(Stored items)
****
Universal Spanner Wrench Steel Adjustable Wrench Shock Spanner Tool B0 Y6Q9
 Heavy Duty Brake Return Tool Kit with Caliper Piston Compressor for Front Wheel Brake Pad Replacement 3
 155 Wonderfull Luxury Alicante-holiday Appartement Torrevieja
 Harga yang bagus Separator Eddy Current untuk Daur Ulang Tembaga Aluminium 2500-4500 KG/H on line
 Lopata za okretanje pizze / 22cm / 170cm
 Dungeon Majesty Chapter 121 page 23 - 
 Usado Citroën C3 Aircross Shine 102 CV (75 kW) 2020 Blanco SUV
****
## Exercise details:
Nothing before the line containing "Harga yang bagus" should be repeated; repeat that line and all later lines through the end of the data above, exactly.

## Completed task:
 Harga yang bagus Separator Eddy Current untuk Daur Ulang Tembaga Aluminium 2500-4500 KG/H on line
 Lopata za okretanje pizze / 22cm / 170cm
 Dungeon Majesty Chapter 121 page 23 - 
 Usado Citroën C3 Aircross Shine 102 CV (75 kW) 2020 Blanco SUV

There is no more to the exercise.